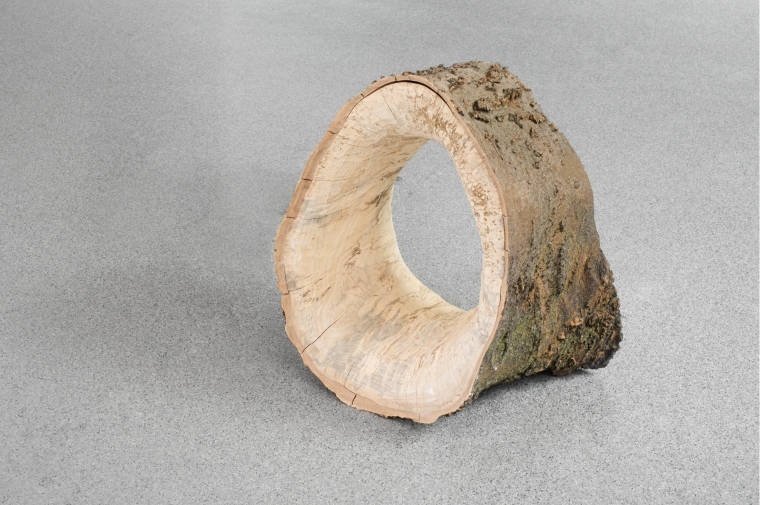 Photograph of sculpture by Victoria Megan's showing a section of tree trunk with a hole carved through the center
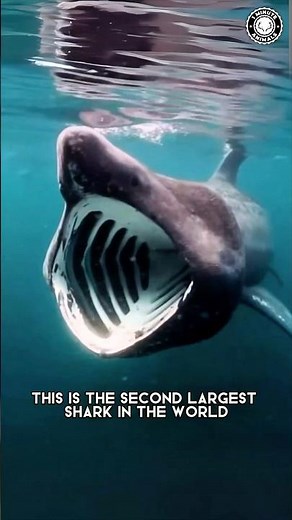 Basking Shark 🦈 That Mouth Is INSANE!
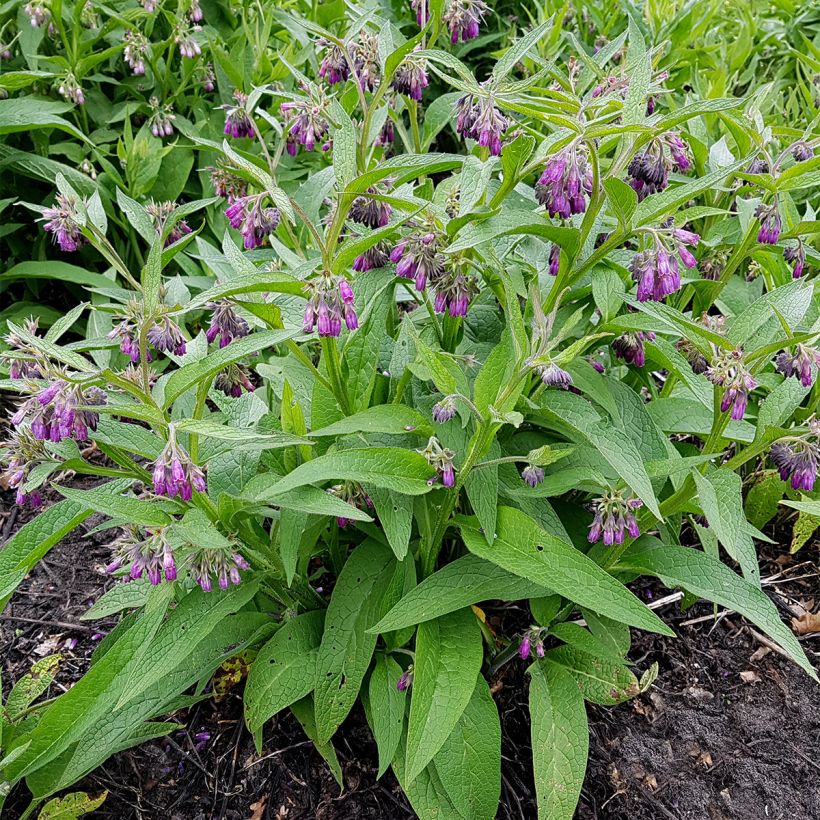 Gemeiner Beinwell (Plant habit)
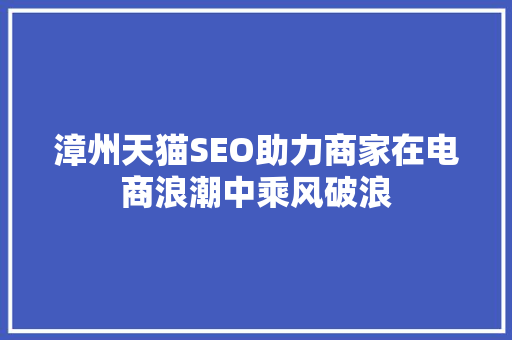 漳州天猫SEO助力商家在电商浪潮中乘风破浪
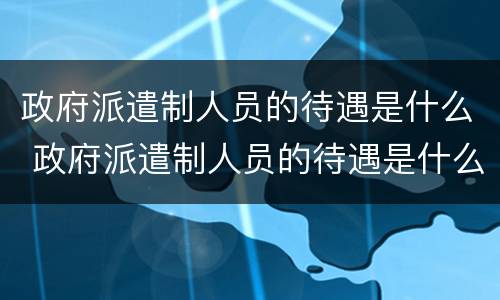政府派遣制人员的待遇是什么 政府派遣制人员的待遇是什么意思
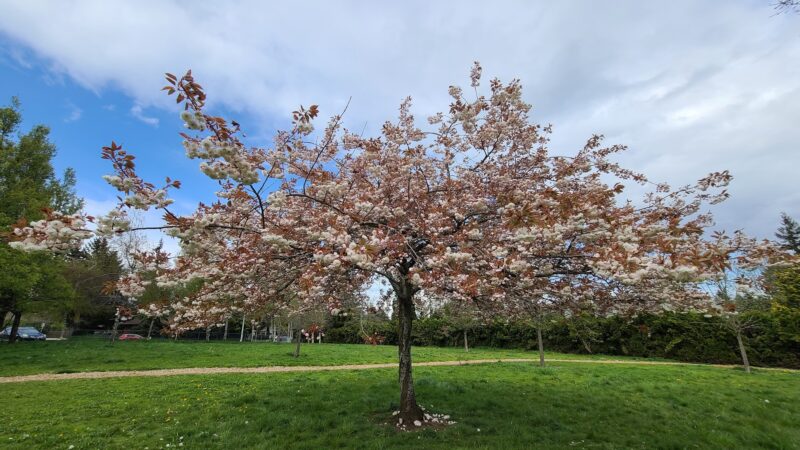 Glenfair Park - Portland, OR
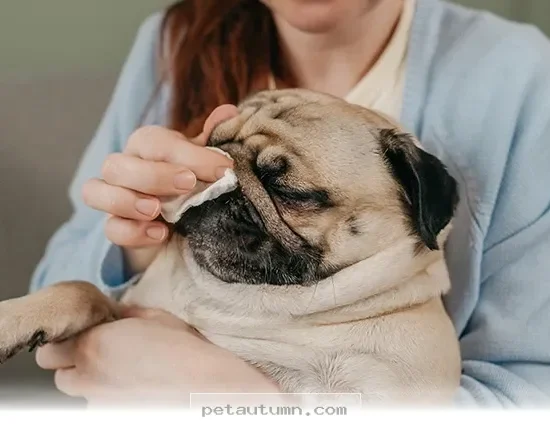Easy Ways to Keep Your Home Fresh and Pet Odor Free in 2026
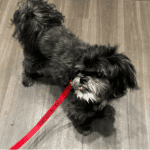 dog going for a walk with 4-Legged Kids, Inc. dog walker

▶ _Your goal_
What is needed is an exact repeat of the lines from the one containing "Basking Shark 🦈 That Mouth Is INSANE!" through the last line of the records above, both included, with pictures left out.

▶ _Solved exercise_
 Basking Shark 🦈 That Mouth Is INSANE!
 Gemeiner Beinwell (Plant habit)
 漳州天猫SEO助力商家在电商浪潮中乘风破浪
政府派遣制人员的待遇是什么 政府派遣制人员的待遇是什么意思
 Glenfair Park - Portland, OR
Easy Ways to Keep Your Home Fresh and Pet Odor Free in 2026
 dog going for a walk with 4-Legged Kids, Inc. dog walker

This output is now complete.